Alguien le tiró del brazo, haciéndolo caer al piso de la plaza donde se encontraban. Cuando Thomas salió de su aturdimiento se encontró en el suelo con su capitán

—¡Qué hace ahí parado, private Caymes! —le reprochó éste a los gritos.

—Es que yo... —balbuceó él en respuesta. Lo cierto es que no sabía qué hacía allí, ni cómo había llegado.

Recordaba que estaban en el interior del Fuerte y que, a la orden de su capitán, cargaron contra los españoles. Y luego, nada. Todo era difuso. No sabía a cuántos españoles había matado —si es que había matado a alguno— ni cuánto tiempo había estado en combate, rodeado por aquella densa niebla que apenas le dejaba ver una decena de yardas. Y de pronto se había despertado como de un sueño, para caer en una pesadilla.

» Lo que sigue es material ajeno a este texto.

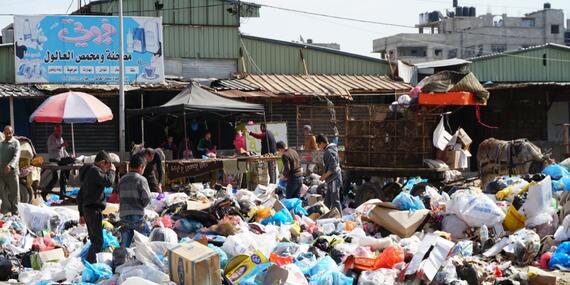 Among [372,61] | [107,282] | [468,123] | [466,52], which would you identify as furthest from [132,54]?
[466,52]

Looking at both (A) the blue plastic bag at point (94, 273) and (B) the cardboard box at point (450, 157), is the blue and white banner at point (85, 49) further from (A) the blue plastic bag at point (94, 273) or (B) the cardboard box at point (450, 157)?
(A) the blue plastic bag at point (94, 273)

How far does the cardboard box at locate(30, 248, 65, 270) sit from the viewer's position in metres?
10.9

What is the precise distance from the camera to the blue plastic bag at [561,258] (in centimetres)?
1022

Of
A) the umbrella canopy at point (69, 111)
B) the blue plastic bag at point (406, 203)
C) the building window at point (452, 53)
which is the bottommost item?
the blue plastic bag at point (406, 203)

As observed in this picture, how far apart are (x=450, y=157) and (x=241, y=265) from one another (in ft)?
21.7

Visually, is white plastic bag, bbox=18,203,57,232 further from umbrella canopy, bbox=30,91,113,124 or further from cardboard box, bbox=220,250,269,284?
umbrella canopy, bbox=30,91,113,124

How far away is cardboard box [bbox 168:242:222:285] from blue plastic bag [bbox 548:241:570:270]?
432 centimetres

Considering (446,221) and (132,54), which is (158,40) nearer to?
(132,54)

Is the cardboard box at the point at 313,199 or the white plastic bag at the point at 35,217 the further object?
the cardboard box at the point at 313,199

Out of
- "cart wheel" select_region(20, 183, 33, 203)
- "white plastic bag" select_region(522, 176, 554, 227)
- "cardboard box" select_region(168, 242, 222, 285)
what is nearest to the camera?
"cardboard box" select_region(168, 242, 222, 285)

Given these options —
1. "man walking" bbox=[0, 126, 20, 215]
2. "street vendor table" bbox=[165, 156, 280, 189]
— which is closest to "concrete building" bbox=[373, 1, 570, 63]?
"street vendor table" bbox=[165, 156, 280, 189]

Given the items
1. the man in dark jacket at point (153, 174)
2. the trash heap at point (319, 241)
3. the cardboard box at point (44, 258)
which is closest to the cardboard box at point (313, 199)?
the trash heap at point (319, 241)

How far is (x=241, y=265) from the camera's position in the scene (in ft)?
29.9

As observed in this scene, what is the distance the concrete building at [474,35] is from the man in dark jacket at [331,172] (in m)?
41.4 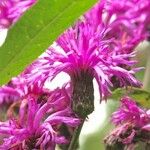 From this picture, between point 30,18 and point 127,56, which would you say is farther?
point 127,56

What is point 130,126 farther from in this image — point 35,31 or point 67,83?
point 35,31

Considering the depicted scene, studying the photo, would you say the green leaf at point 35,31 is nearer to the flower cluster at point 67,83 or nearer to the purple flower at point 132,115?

Miró a su alrededor y vio mucha sangre sobre los cuerpos mutilados de sus compañeros. Se retorcían y extendían sus manos ensangrentadas hacia él. Thomas giró la cabeza y vomitó bilis. No tenía nada en el estómago, porque hacía tres días que —al igual que sus camaradas— no comía nada sólido.

Volvía a estar aturdido, cuando se encontró nuevamente con el rostro de su capitán, que le gritaba desaforado, pero él negaba con su cabeza. No porque no quisiera obedecer las órdenes sino porque, en su confusión, no lograba entender lo que Arbuthnot le decía.

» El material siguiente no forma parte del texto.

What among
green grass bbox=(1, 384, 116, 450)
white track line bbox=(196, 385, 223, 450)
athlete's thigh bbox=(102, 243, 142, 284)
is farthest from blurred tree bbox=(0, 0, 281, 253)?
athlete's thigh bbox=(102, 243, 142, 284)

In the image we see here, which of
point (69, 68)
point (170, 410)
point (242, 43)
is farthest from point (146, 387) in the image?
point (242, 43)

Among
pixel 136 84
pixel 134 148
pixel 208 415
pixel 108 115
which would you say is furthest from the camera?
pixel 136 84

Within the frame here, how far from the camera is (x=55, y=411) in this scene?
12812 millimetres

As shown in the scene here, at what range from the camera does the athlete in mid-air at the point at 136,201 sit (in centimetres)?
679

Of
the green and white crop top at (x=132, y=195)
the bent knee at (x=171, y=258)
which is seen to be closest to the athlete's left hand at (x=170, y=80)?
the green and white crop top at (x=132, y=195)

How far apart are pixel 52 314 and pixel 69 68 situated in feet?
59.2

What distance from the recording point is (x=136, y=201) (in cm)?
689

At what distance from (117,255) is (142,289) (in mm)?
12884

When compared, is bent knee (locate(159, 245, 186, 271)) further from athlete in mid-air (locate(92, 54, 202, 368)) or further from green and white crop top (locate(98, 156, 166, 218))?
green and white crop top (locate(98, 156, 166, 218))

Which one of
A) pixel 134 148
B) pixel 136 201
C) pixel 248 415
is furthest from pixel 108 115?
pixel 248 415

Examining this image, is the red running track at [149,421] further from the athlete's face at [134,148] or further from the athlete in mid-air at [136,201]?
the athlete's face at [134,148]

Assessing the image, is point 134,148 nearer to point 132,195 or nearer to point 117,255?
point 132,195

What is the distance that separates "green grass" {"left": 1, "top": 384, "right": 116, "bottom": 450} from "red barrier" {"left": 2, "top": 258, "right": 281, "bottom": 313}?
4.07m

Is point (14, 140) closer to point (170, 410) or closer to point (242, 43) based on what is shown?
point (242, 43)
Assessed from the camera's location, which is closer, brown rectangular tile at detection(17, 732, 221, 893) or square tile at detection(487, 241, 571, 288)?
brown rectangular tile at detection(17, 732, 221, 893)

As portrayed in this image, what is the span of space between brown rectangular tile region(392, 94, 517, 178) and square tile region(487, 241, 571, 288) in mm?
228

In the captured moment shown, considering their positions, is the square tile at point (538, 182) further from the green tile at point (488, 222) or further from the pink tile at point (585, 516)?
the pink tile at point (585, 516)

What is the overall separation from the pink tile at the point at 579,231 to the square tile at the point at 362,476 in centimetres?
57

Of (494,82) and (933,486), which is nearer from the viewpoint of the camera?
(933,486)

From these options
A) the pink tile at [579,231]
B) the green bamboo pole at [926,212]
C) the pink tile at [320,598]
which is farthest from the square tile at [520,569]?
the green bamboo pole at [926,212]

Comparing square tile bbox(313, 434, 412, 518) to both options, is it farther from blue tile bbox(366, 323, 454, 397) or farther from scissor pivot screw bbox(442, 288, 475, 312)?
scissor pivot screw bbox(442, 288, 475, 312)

Finalmente el capitán, perdiendo la paciencia, lo zamarreó y le hizo una seña que evidentemente significaba que había que replegarse. Thomas asintió, pero no se movió de inmediato; se quedó ahí tirado hasta que despacio logró ponerse de pie y como pudo, fue hacia donde le había indicado su capitán.

***

La tropa británica se guareció en el Fuerte, siendo el gobernador el último en entrar y tras de sí, se elevó el puente. Afuera se oía el rugido de la multitud de combatientes —soldados y civiles— quienes, habiendo recuperado la plaza, reclamaba sus cabezas. La situación era escalofriante. Adentro había un silencio incómodo y pánico en las miradas.

Sin demora, Beresford ordenó izar la bandera blanca. Y tras aguardar un tiempo prudencial notaron con horror que la multitud no se calmaba. Después del momento de espanto, vieron acercarse a dos españoles, uno de ellos portando una bandera blanca. Suspiraron aliviados.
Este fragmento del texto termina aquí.